Robinhood had no internal mechanism setup
to alert management that their was a glitch in their network - FINRA’s investigation concluded that the only way Robinhood found out about the erroneous margin calls is after customers complained…
No internal system at Robinhood triggered any alerts regarding these events despite the abnormally high number of margin notifications sent to customers. Instead, the firm learned about the errors only after customers complained, either informally or to the firm.In both instances, the errors were caused by system failures following the firm’s introduction of a new technology feature.
…Robinhood displayed inaccurate account information to millions of customers…
January 2019 to May 2021, Robinhood displayed inaccurate information to nearly six million customers regarding their accounts’ historical performance, including the net increase or decrease in the accounts’ total portfolio value
For affected accounts, the chart that Robinhood used to display historical performance either overstated customers’ gains or understated customers’ losses for a variety of reasons, including because Robinhood mistakenly did not properly account for cash dividends that had been paid to customers, various cash movements in customer accounts, and cash and position movements caused by corporate actions.
Sorry FINRA you stated “January 2019 to May 2021” - then how could Robinhood fix the issue in 2020 when the preceding paragraph states May 2021…
No kidding the June 30, 2021 AWS is 120+pages long of a detailed recitation of facts discovered by FINRA’S investigation
between January 2018 and December 2020, Robinhood failed to report to FINRA tens of thousands of written customer complaints that it was required to report. Robinhood’s reporting failures included complaints that Robinhood provided customers with false and misleading information, and that customers suffered losses as a result of the firm’s outages and systems failures. Robinhood’s reporting failures were primarily the result of a firm-wide policy that exempted certain broad categories of complaints from reporting, even though those categories fell within the scope of FINRA’s reporting requirements. The settlement resolves numerous other charges against Robinhood, including the firm’s failure to have a reasonably designed customer identification program and its failure to display complete market data information.
Always read the last paragraph of a Press Release, like always…
…In settling this matter, Robinhood neither admitted nor denied the charges, but consented to the entry of FINRA’s findings.

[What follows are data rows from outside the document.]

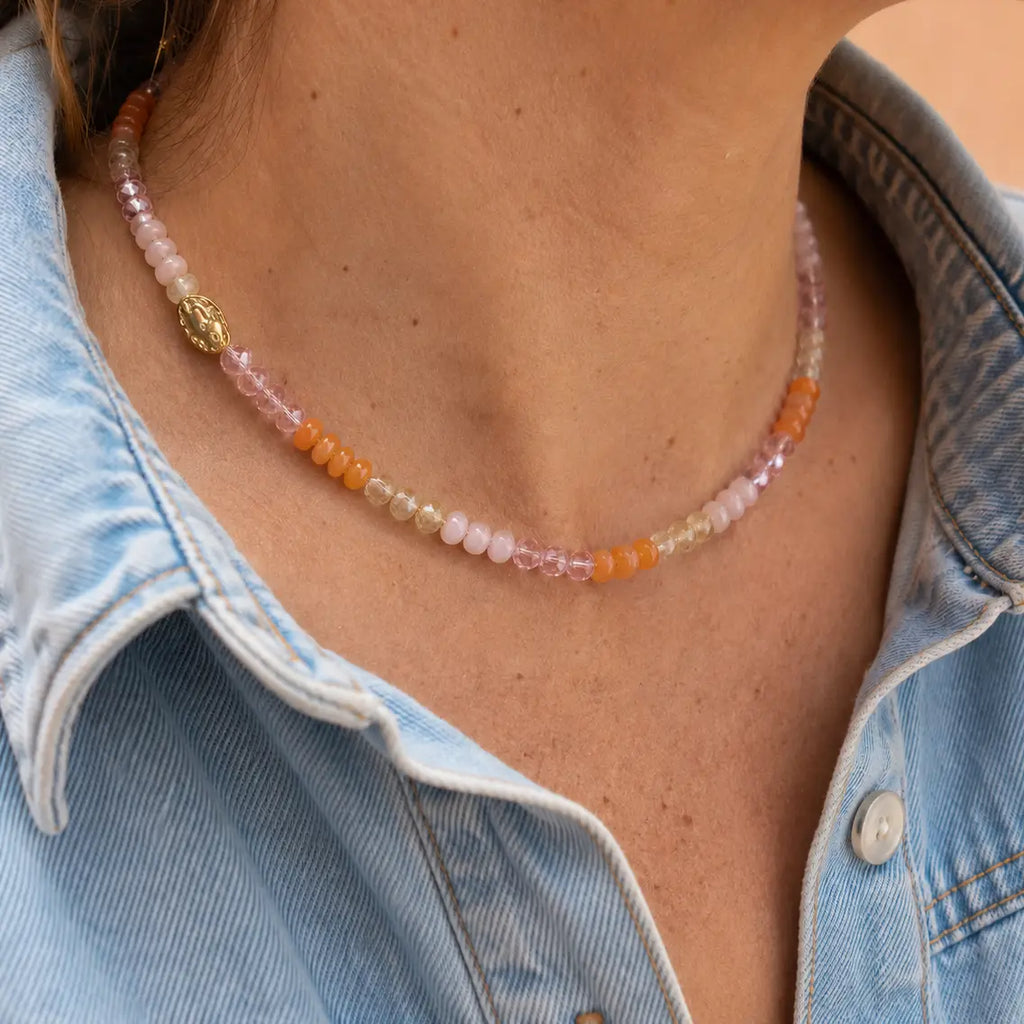 Sunrise natural stone bead necklace with peach, blush pink, honey and crystal accent beads worn with a denim shirt.
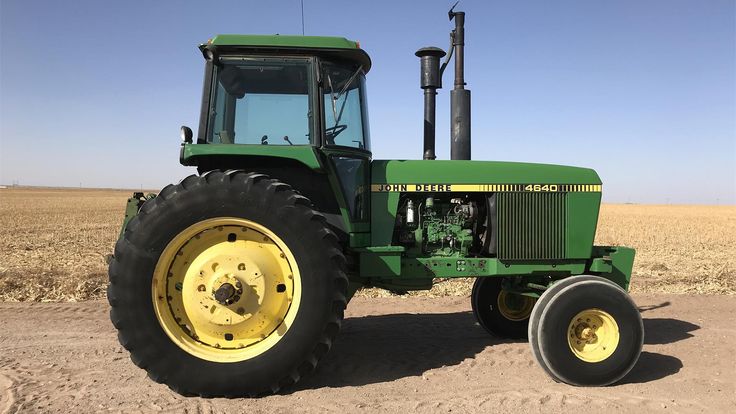 a green tractor parked on top of a dirt field next to a large yellow wheel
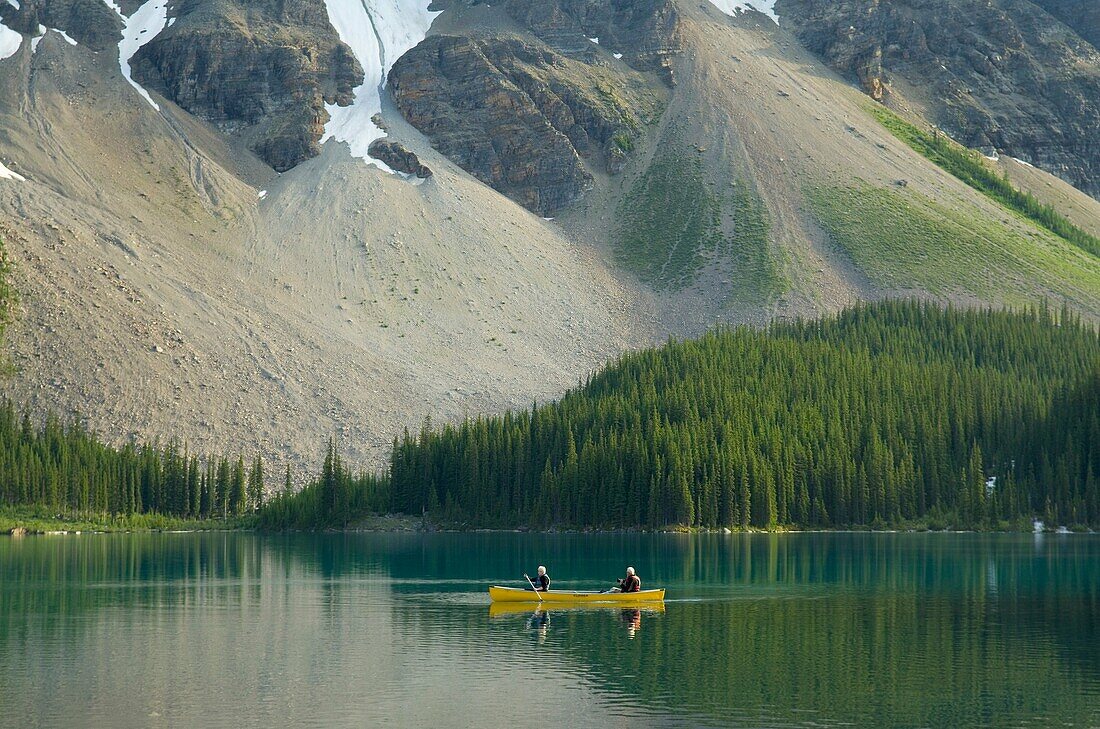 Canoeists paddling on Moraine Lake, Banff National Park Alberta Canada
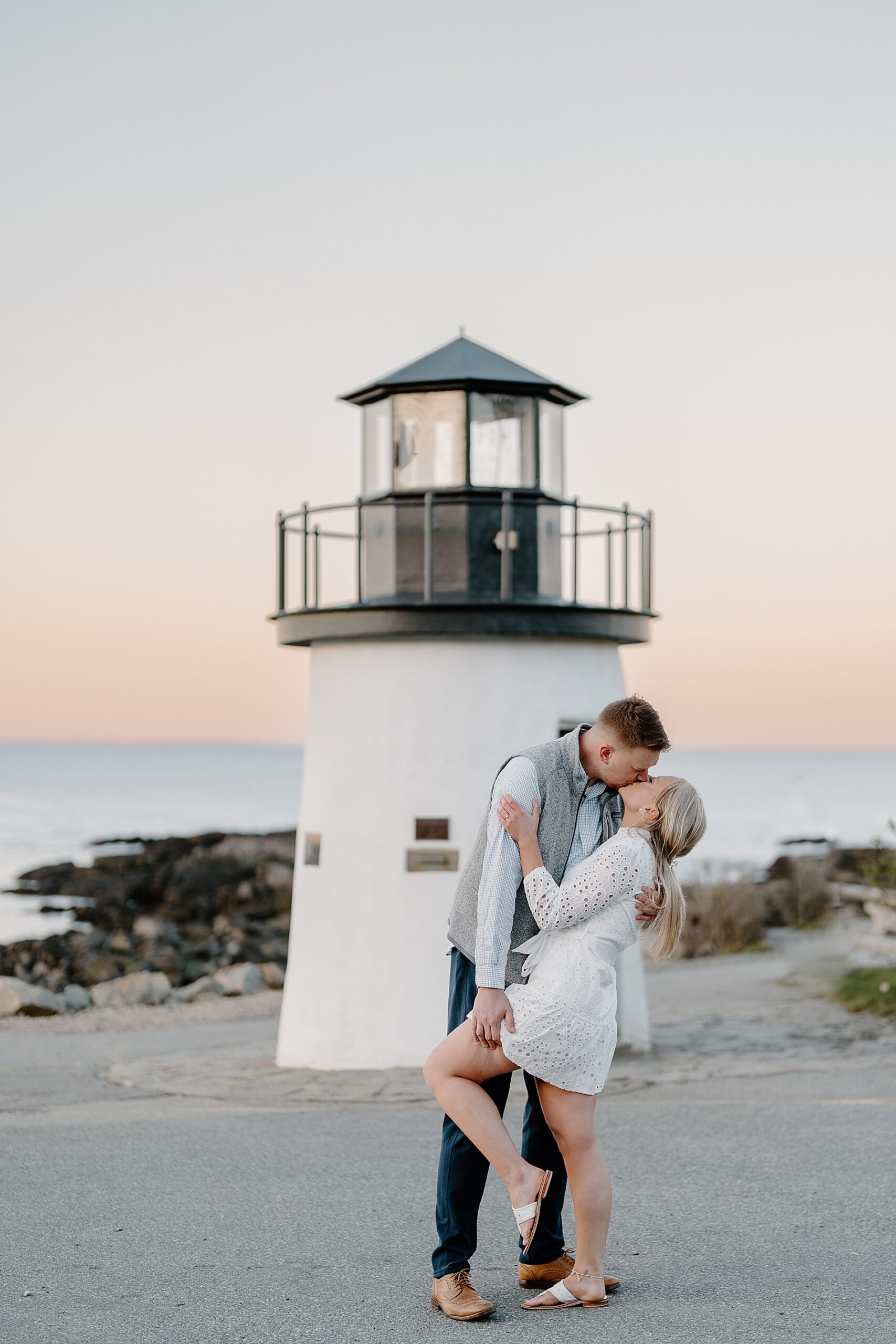 Romantic beach engagement by lighthouse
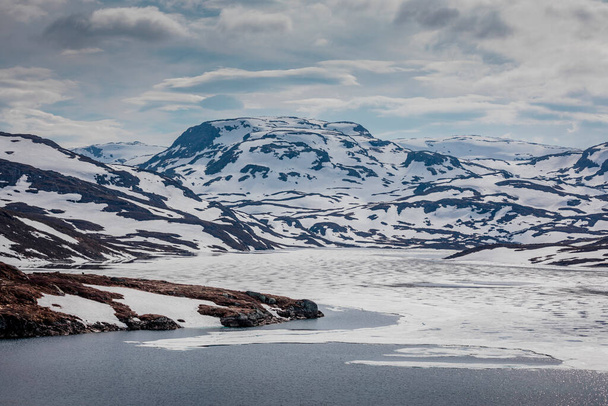 Пейзаж Хардангервидды с горами, снегом, льдом и озером в Норвегии весной - Фото, изображение
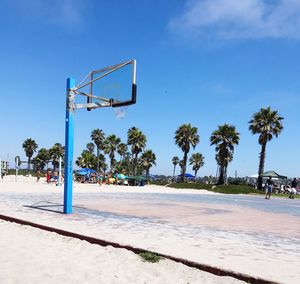 View of basketball hoop against blue sky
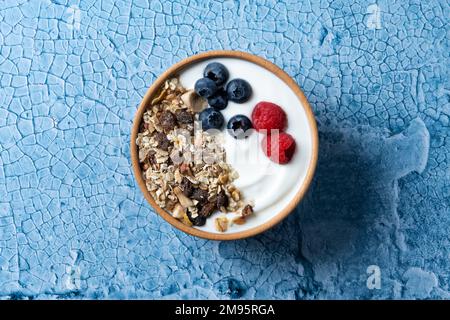 Yaourt avec baies et muesli pour le petit déjeuner dans un bol sur fond de lbue Banque D'Images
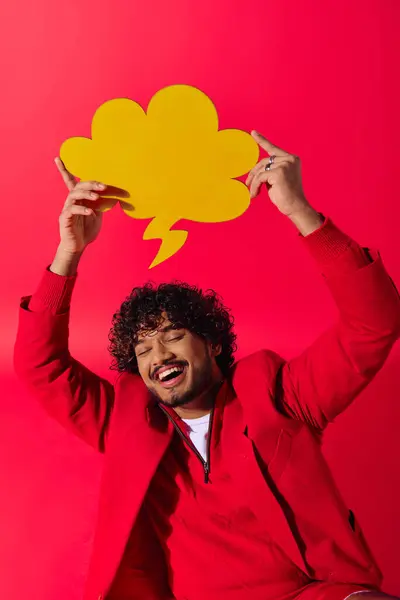 Handsome Indian man in colorful outfit holding speech bubble overhead. — Stock Photo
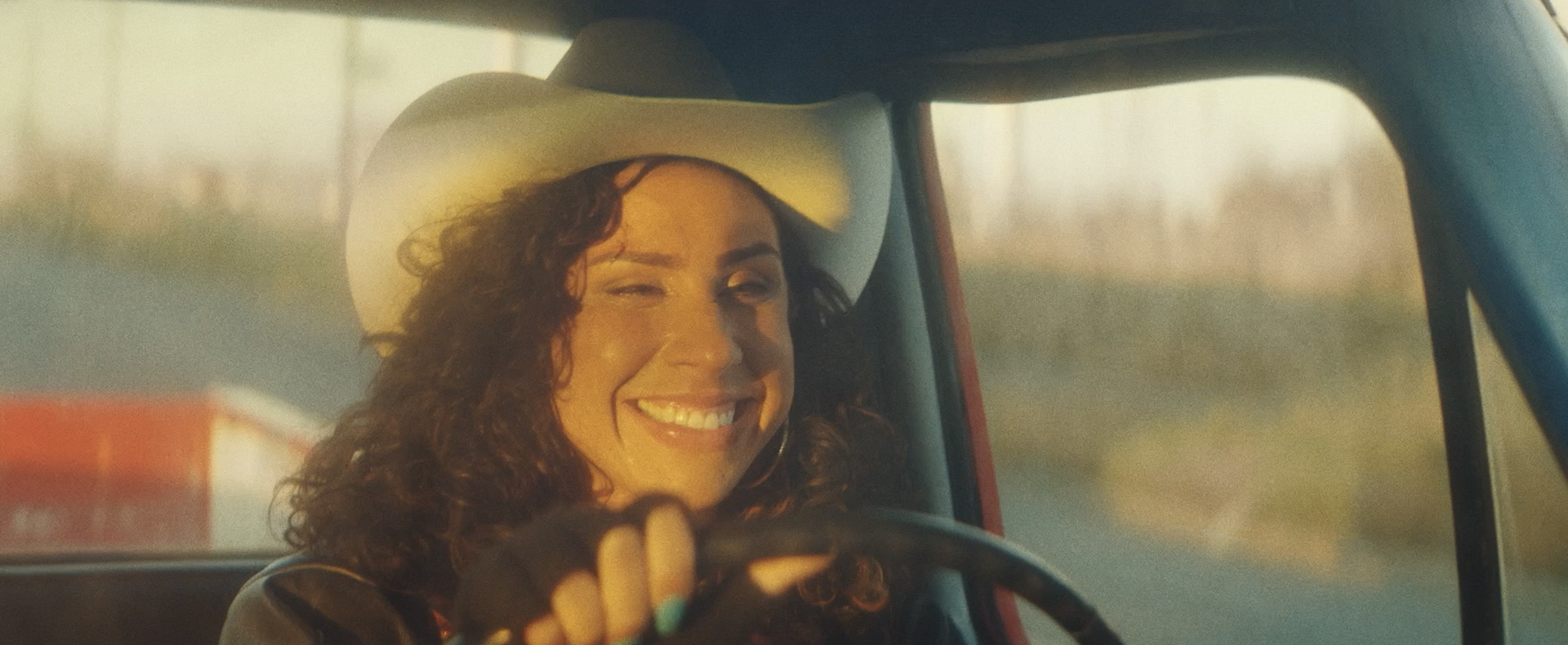 Person mit Cowboyhut lächelt und zwinkert beim Autofahren.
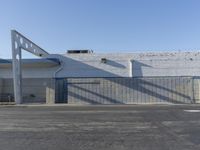 a long building has two windows and is near an entrance with a gate and blue roof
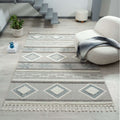 Cottage 546 slate area rug displayed in a cozy room with modern decor and geometric motifs.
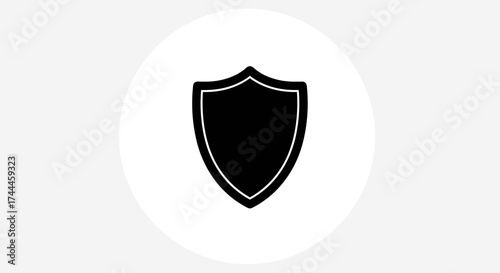 Black Shield Icon on White Circle Background.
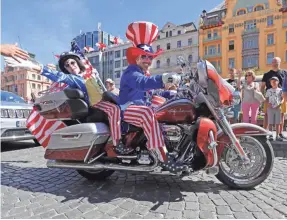  ?? MIKE DE SISTI/MILWAUKEE JOURNAL SENTINEL ?? Harley-Davidson enthusiast­s drive through Prague. The Czech Republic is a member of the European Union.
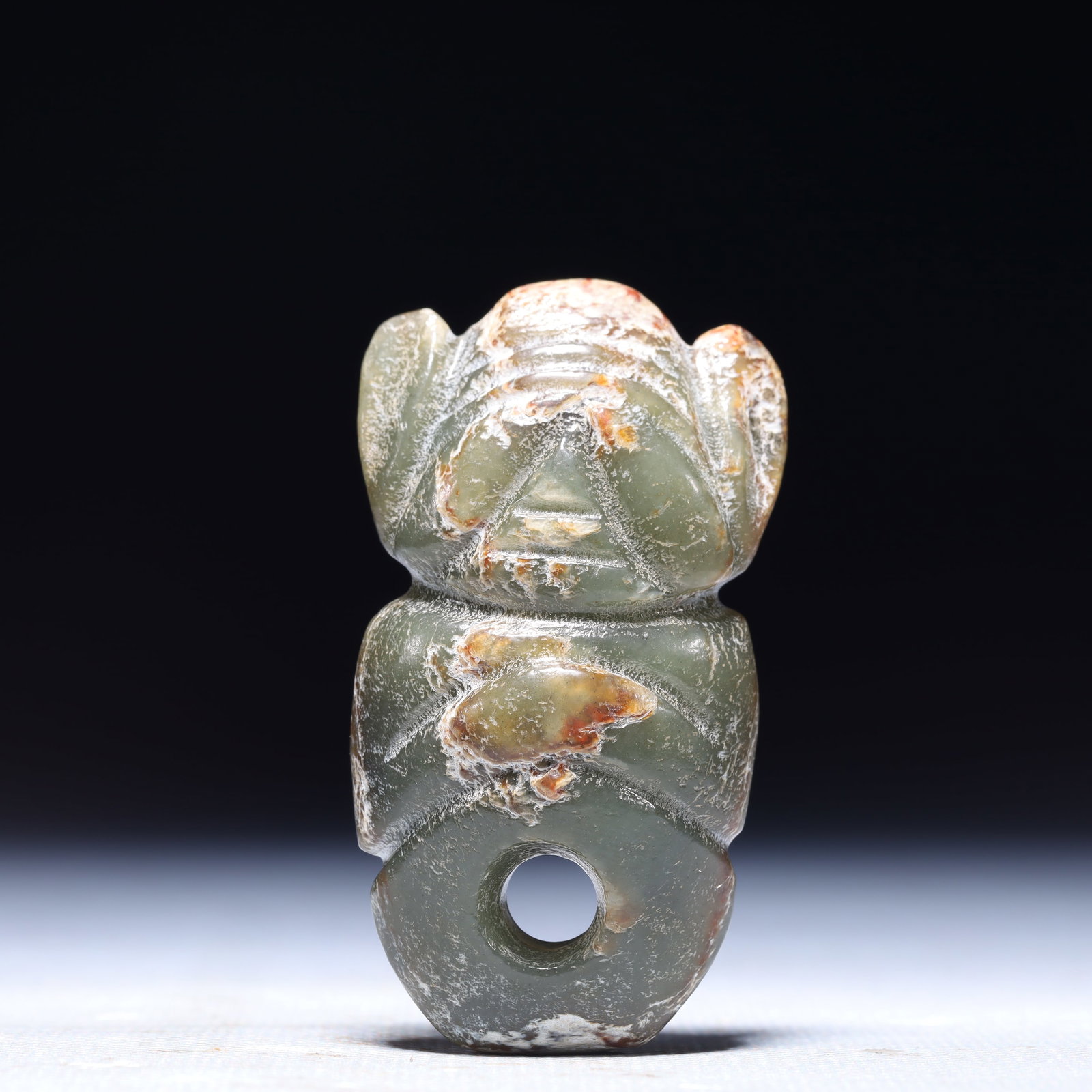 An Archaic Hongshan Culture Greenish Jade Beast-Face Pattern Pendant: An Archaic Hongshan Culture Greenish Jade Beast-Face Pattern Pendant,Ancient Time,China,Size:1.3inx0.4inx2.4in,Weight:42g 红山文化青白玉兽面ಬ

Now I think you have a sufficient picture of the recent AWS - and no this isn’t personal nor does it bring me any joy in being this critical of Robinhood…
At any rate today is Tuesday but it more like my Monday -so I’ll be out of pocket for most of the morning -plus I’m researching the entities mentioned in last week’s indictment because there were a few notable change in status via various State Corporation Commission filings -directly impacting Weisselberg & Trump’s adult children…
This area of the universe is well beyond my understanding but holy hell I didn’t know robinhood is this bad. The only thing I had ever heard about them in MSM was when that group of people bought up all that stock.